## PROBLEM TO SOLVE
In the listing below, find the line containing "ΑΝΑΚΟΙΝΩΣΗ – ΠΑΝΗΓΥΡΙΣ" and the line containing "Shiseido Fino - huile". Repeat exactly those two lines and every line between them, nothing more.

## DATASET RECORDS
[Start of section]

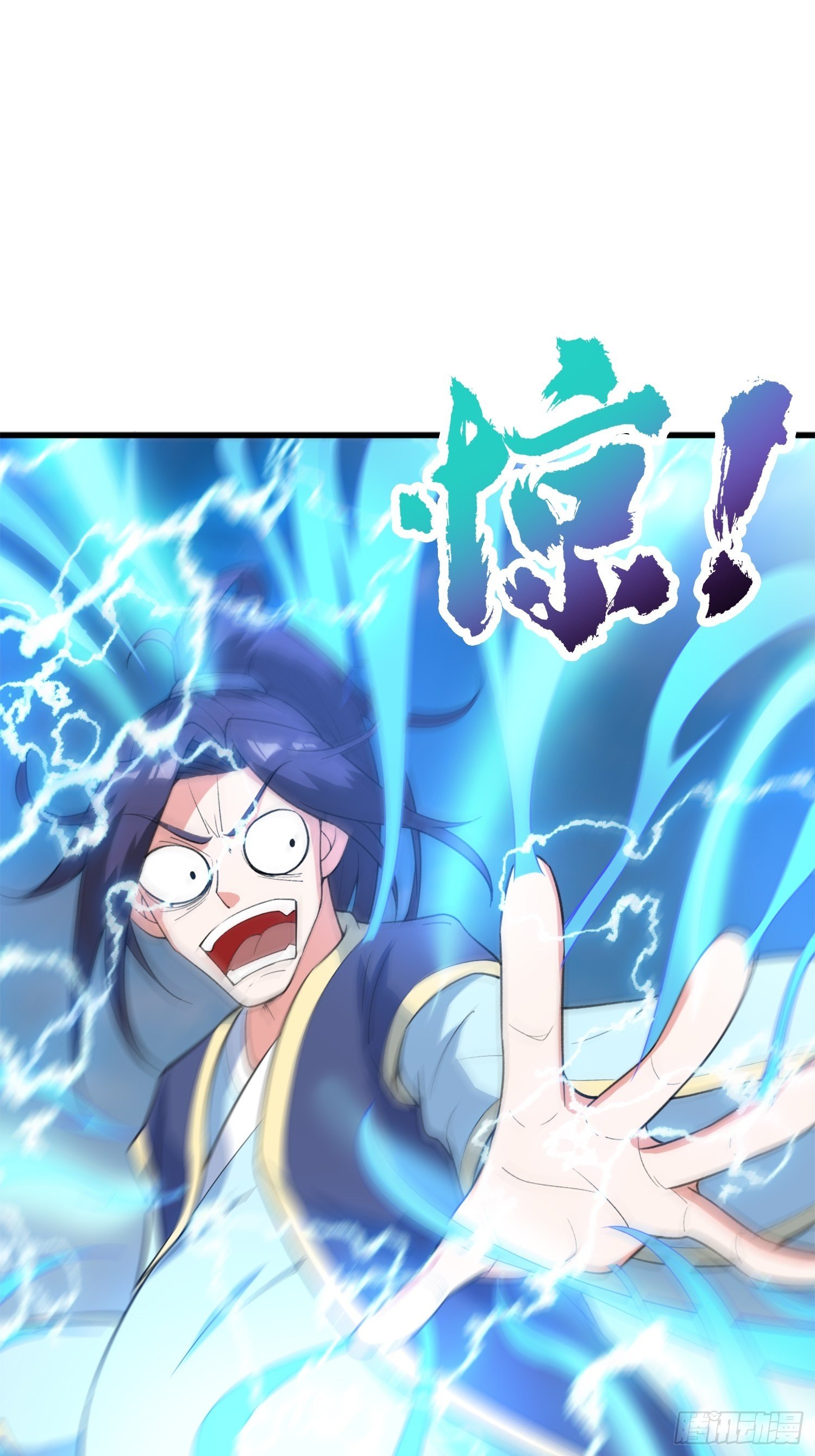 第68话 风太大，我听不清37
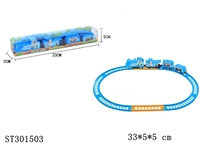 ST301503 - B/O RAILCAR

[End of section]
[Start of section]

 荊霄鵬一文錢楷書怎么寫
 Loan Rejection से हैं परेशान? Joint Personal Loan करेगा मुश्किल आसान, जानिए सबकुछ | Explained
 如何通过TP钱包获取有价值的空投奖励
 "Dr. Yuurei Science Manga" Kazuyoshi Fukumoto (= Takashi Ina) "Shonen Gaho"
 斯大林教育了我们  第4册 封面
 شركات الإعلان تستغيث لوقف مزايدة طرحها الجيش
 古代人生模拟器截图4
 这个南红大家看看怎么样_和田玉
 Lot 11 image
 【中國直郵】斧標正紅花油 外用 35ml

[End of section]
[Start of section]

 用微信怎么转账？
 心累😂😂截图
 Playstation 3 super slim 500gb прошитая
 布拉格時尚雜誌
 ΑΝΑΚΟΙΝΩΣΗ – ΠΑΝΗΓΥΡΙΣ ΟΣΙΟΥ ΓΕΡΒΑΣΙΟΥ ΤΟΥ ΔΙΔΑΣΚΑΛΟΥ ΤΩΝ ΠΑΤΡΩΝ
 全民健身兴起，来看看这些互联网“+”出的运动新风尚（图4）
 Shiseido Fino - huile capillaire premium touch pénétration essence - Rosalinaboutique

[End of section]

## ANSWER SPACE
 ΑΝΑΚΟΙΝΩΣΗ – ΠΑΝΗΓΥΡΙΣ ΟΣΙΟΥ ΓΕΡΒΑΣΙΟΥ ΤΟΥ ΔΙΔΑΣΚΑΛΟΥ ΤΩΝ ΠΑΤΡΩΝ
 全民健身兴起，来看看这些互联网“+”出的运动新风尚（图4）
 Shiseido Fino - huile capillaire premium touch pénétration essence - Rosalinaboutique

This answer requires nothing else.